While Rambo's sequels have been interpreted as jingoistic action movies that care more about kill counts than character development, the franchise is arguably more nuanced than it's given credit for sometimes. However, one need look no further than the first film and its ending to understand the franchise's moral gray areas.

Rambo's ending is a commentary on the treatment of war veterans

Rambo's closing moments see the soldier engaged in a gunfight with the sheriff, which leads to the latter falling through a skylight. As Rambo prepares to finish off the fallen lawman, his former military colonel appears and orders him to surrender. Rambo then bursts into tears and recalls his painful memories of war, while also explaining how terribly he's been treated since returning to the United States. The one-man army is subsequently arrested, though the calm demeanor of the police officers suggests that they are now more sympathetic to his plight. Rambo's breakdown is a cry for help, but he also addresses some issues that resonated with many real-world veterans of the Vietnam war. As History pointed out, some corners of American society shunned soldiers upon their return from the war due to the divisive nature of the conflict itself. The country was embittered, and many of the soldiers who came back traumatized weren't given the help they needed. 

The central character's breakdown at the end of Rambo is a powerful moment that aims to address veterans' mental health issues. The scene shows that not all soldiers are remorseless killing machines, as many felt a sense of guilt over their war actions, too. Rambo's ending doesn't shy away from addressing the murkier side of America's actions in Vietnam. However, war is complicated and everyone suffers.

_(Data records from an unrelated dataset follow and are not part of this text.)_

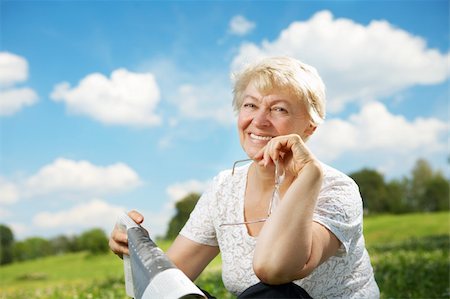 The elderly woman sits in a summer garden Stockbilder - Microstock & Abonnement, Bildnummer: 400-04082569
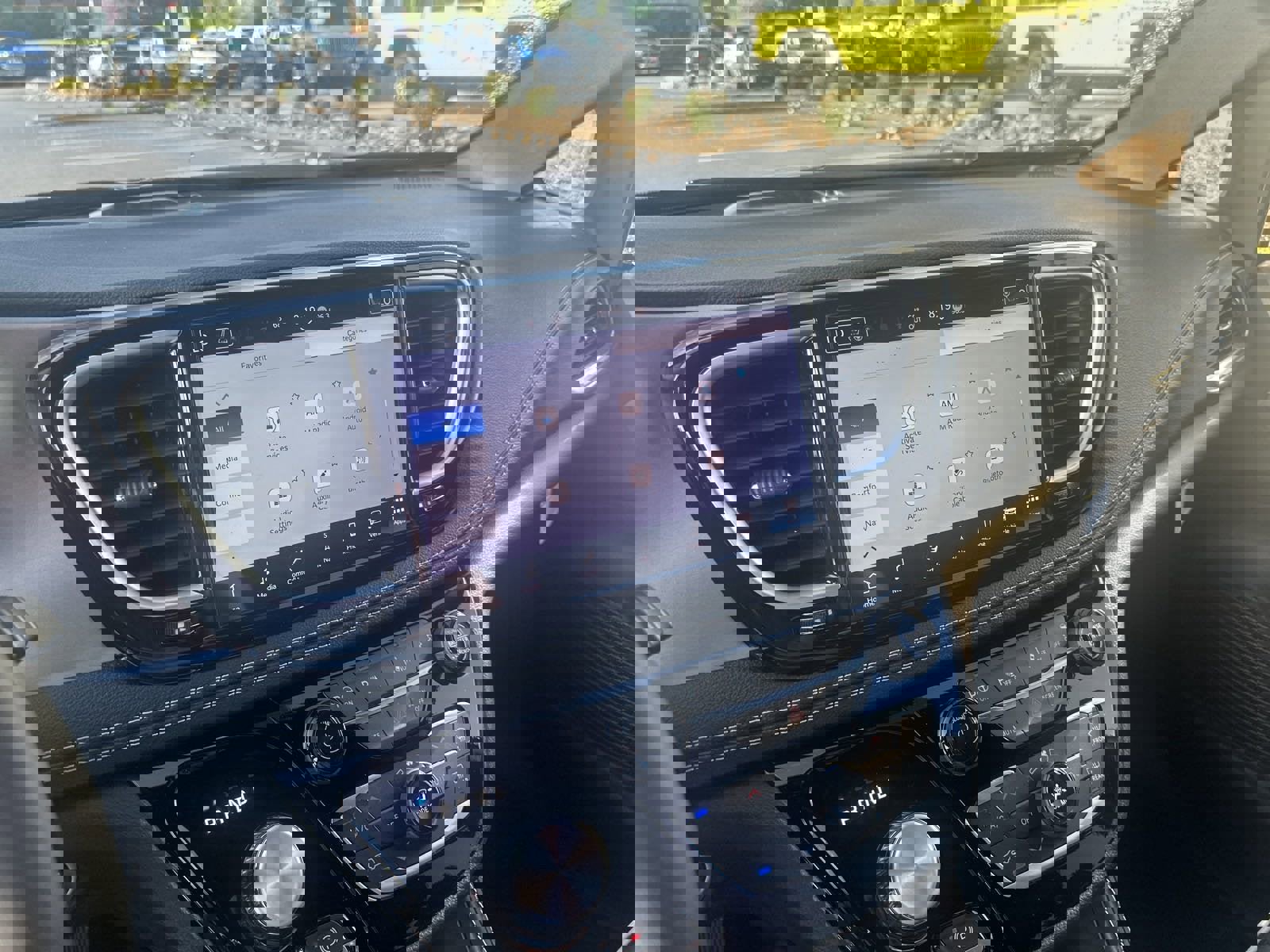 New 2024 Chrysler Pacifica Premium image 38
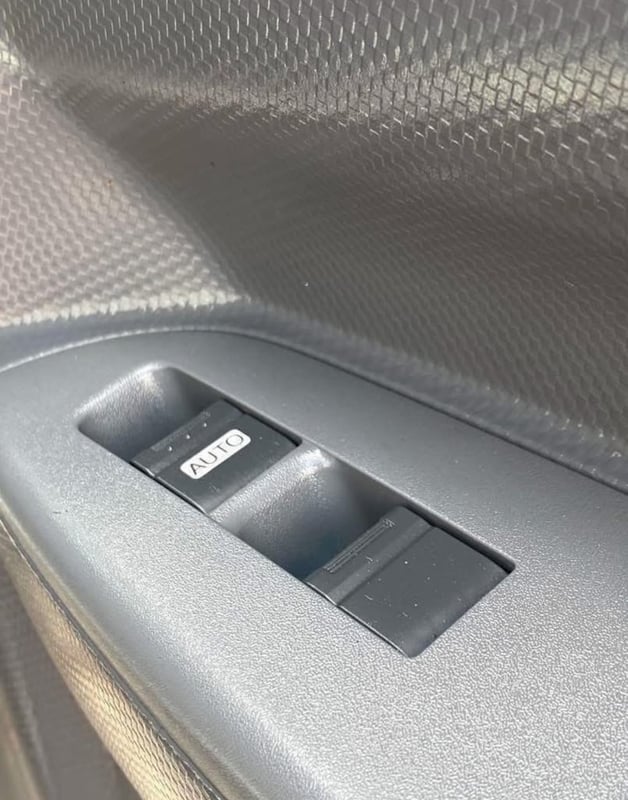 ISUZU NLR 130แรงม้า รถบรรทุก 4 ล้อไม่ติดเวลา ปี 2565 เลขไมล์ 76,752 กม.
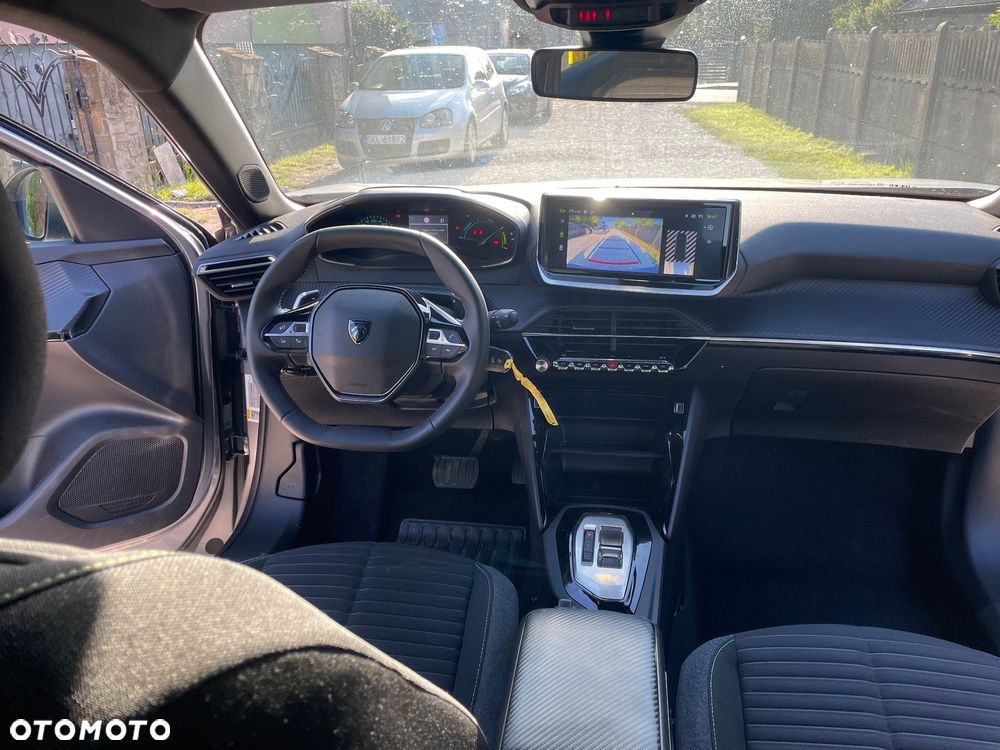 Peugeot 2008 PureTech mHEV Active e-DCS6 - 18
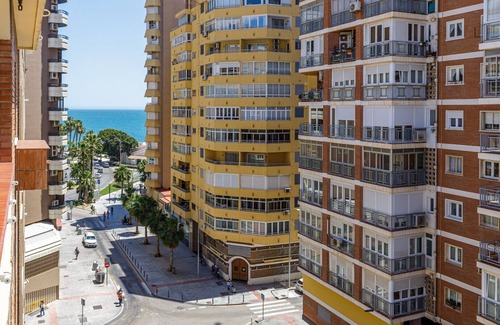La Malagueta Apartment | Muelle Uno Studio with Sea View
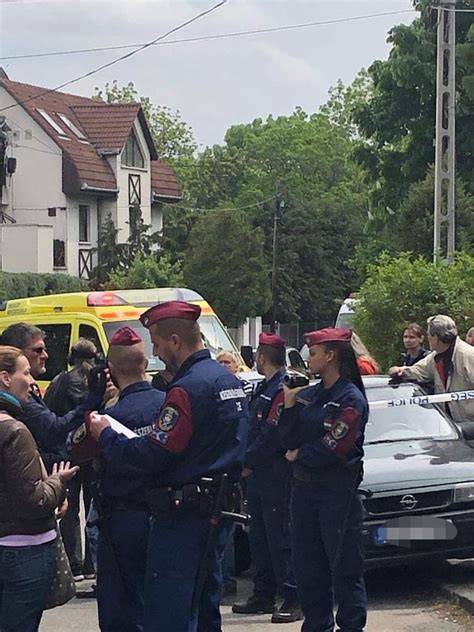 Bíró Ica médiafelvételen, interjú közben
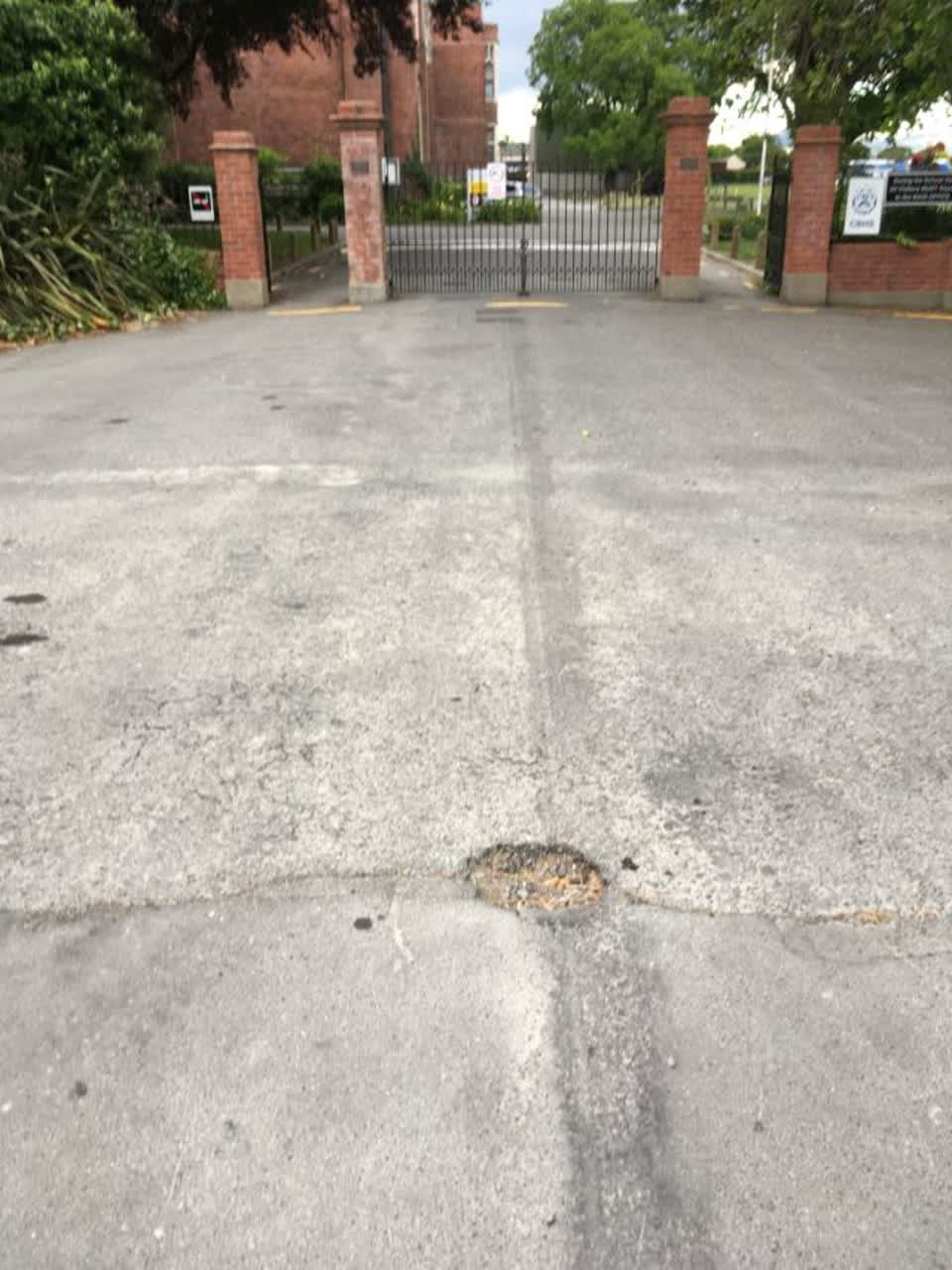 The photograph attached to this roading/streets report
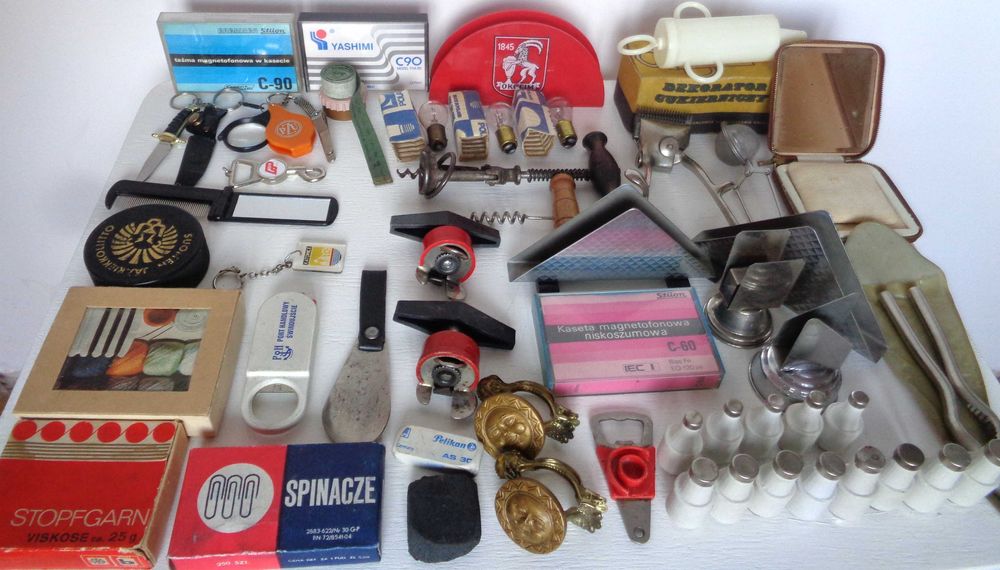 Przedmioty PRL-u korki do prądu brelok krążek hokejowy otwieracz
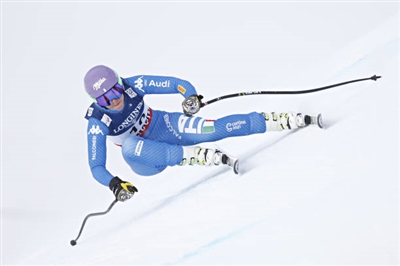 Elena Curtoni Poster 3639808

Rambo's original ending was much darker

Rambo and the sheriff both die in the original novel, and the film was originally set to have its own tragic conclusion. As Entertainment Weekly noted, when Ted Kotcheff signed on to direct, he had a bleak vision in mind for the haunted protagonist: Rambo would have killed himself with some help from Kirk Douglas, who was originally cast to play Colonel Trautman. According to Kotcheff, he knew veterans who committed suicide after being shunned by society after returning home from the divisive conflict, and he wanted the movie to reflect that reality. 

When Stallone signed on to star, however, he requested some rewrites, especially in regard to Rambo's emotional finale. While they shot Kotcheff's original vision, Stallone decided that the character deserved to live so that the sheriff wouldn't have seemed like the winner of the battle. On top of that, the test audiences weren't fans of the downer ending as they felt Rambo deserved a chance at redemption. The decision proved to be the best one for the studio in the end too, as the film spawned a hit action franchise from which we may see another Rambo sequel at some point.